(Il testo seguente è tratto integralmente dalla nota stampa inviata all’Agenzia Opinione) –
///
“Il presidente della Corte dei conti, Guido Carlino, audito oggi in commissione d’inchiesta Covid, ha spiegato che, pur in presenza di ipotesi di danni erariali rilevanti durante la prima fase della pandemia, la maggior parte delle istruttorie si è conclusa con provvedimenti di archiviazione da parte delle Procure competenti, stante l’assenza di dolo.

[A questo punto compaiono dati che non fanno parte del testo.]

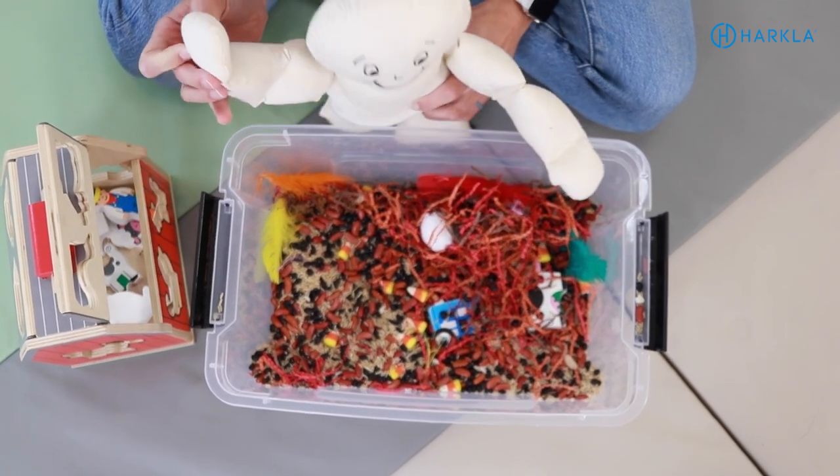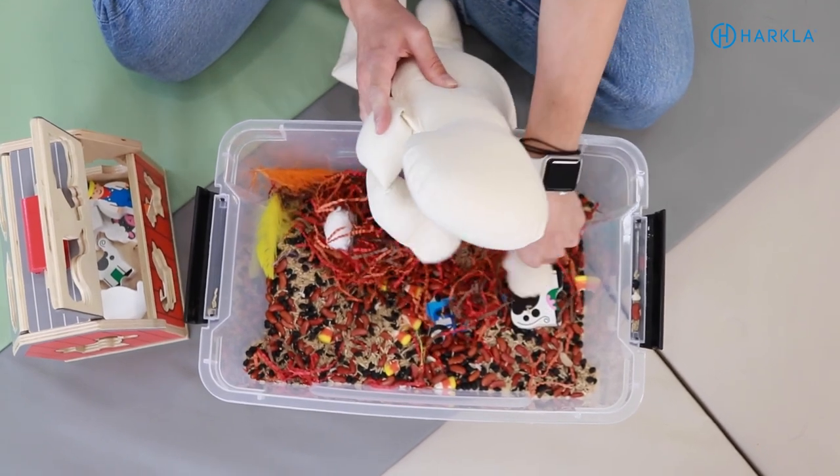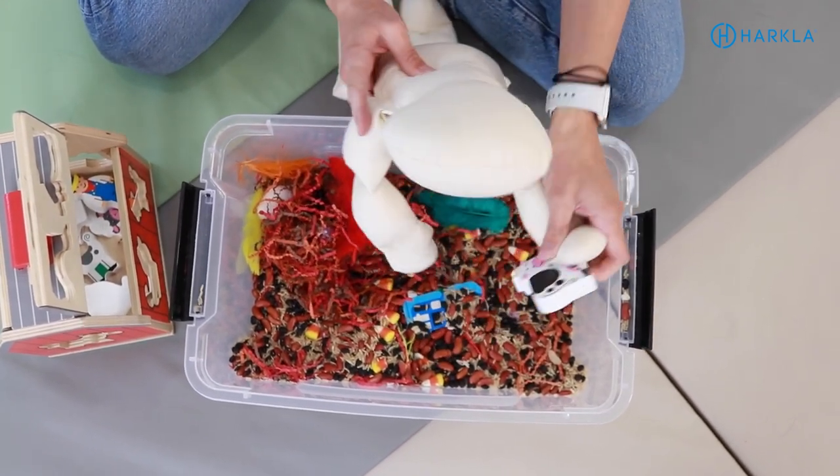I think sensory bins are kind of like the 'it' thing, but also I feel like they're going out of style too. We've seen some things on social media like 'why are you doing sensory bins?' We're here to demystify that and share with you more functional ways to use sensory bins to target different goals. While sensory bins are a great way to work on tactile processing, we want to address multiple sensory systems and multiple goals.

L’elenco delle illiceità riscontrate nelle procedure di approvvigionamento in tempo Covid portato dal presidente della Corte dei conti all’attenzione della Commissione è lungo: dall’acquisto di dispositivi non idonei, allo stoccaggio nei magazzini di mascherine inutilizzabili perché prive di certificazione CE, tema di cui la commissione Covid si è ampiamente occupata, all’affidamento di più forniture di mascherine a una società poi fallita, al mancato utilizzo di notevoli dosi di vaccino pari a tre volte il fabbisogno.
Il presidente Carlino ha, poi, riferito del danno accertato derivante dalla ‘ingiustificata e irrazionale scelta’ – parole sue – di dismettere banchi a rotelle e presidi sanitari, tra cui mascherine, non inventariati e lasciati inutilizzati per lungo tempo.
E dunque anche l’organo di rilievo costituzionale che ha il compito di controllare i conti dello Stato ha evidenziato enormi criticità e danni nella gestione di soldi pubblici durante la pandemia, di cui nessuno risponderà per via dello scudo che il governo Conte ha introdotto ai tempi. Una vera e propria immunità ai danni dei cittadini.
La sinistra dirà che anche il Presidente della Corte dei Conti è un complottista ‘no vax’?”